For all its demagoguery about Wall Street, the Obama administration hasn’t been shy about tapping Wall Street talent to fill the ranks of his administration. Now, some Democrats are claiming to have had enough over “Obama’s nomination of Antonio Weiss to serve as the Treasury Department’s top domestic finance official”.
Sens. Elizabeth Warren (D-Mass.) even took to the Huffington Post a week or so ago to say, Enough is Enough.
It’s time for the Obama administration to loosen the hold that Wall Street banks have over economic policy making. Sure, big banks are important, but running this economy for American families is a lot more important.
Among others, Bernie Sanders (I-Vt.) has been openly critical, as well. The Hill offers a thorough run down of other top Obama officials from Wall Street.
Mary Jo White: Chairman, Securities and Exchange Commission – One of Wall Street’s top cops reaped plaudits on her way to a unanimous Senate confirmation to lead the SEC back in 2013.
Jack Lew: Treasury Secretary – Treasury Secretary Jack Lew has been a near-constant presence in Washington dating back to the Clinton administration. He has filled several roles under Obama, including chief of staff and director of the Office of Management and Budget.
Stanley Fischer: Vice Chair, Federal Reserve – While the Federal Reserve is not officially part of the administration, Obama did nominate Fischer to serve as the central bank’s vice chair.
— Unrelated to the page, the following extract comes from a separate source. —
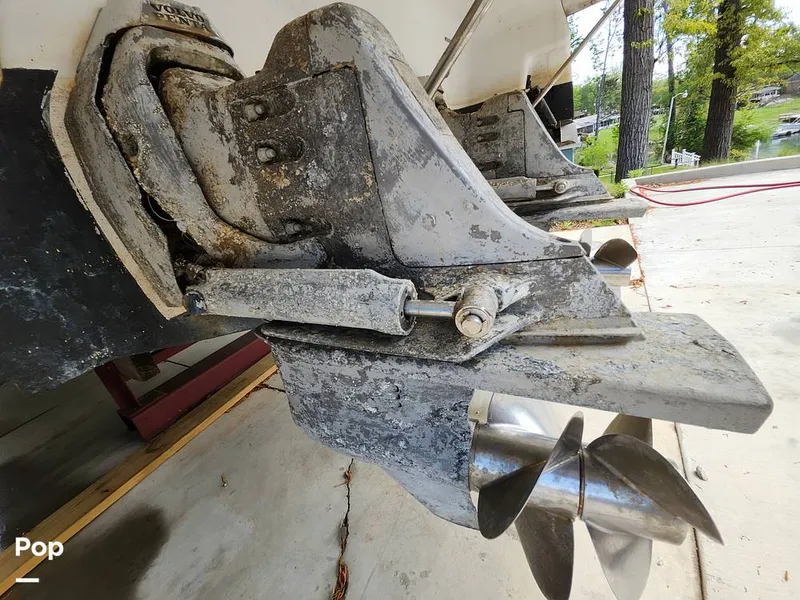 Slide: The Image of Four Winns Vista 328 2004 - 16321819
Even before being nominated, Fischer was renowned as a monetary policy expert, having previously taught former Fed Chairman Ben Bernanke, and serving as head of Israel’s central bank.
Michael Froman: U.S. Trade Representative – The president’s top trade representative was another Citigroup alum tapped to take a key administration post. A longtime Treasury Department official, Froman spent several years at the bank, leading its insurance operations and other investment branches.
Gary Gensler: former chairman, Commodity Futures Trading Commission – The former head of the derivatives regulator had an extensive Wall Street resume before joining the Obama administration. Gensler made partner at Goldman Sachs when he was 30, and spent nearly two decades at the financial giant before taking a job in President Clinton’s Treasury Department.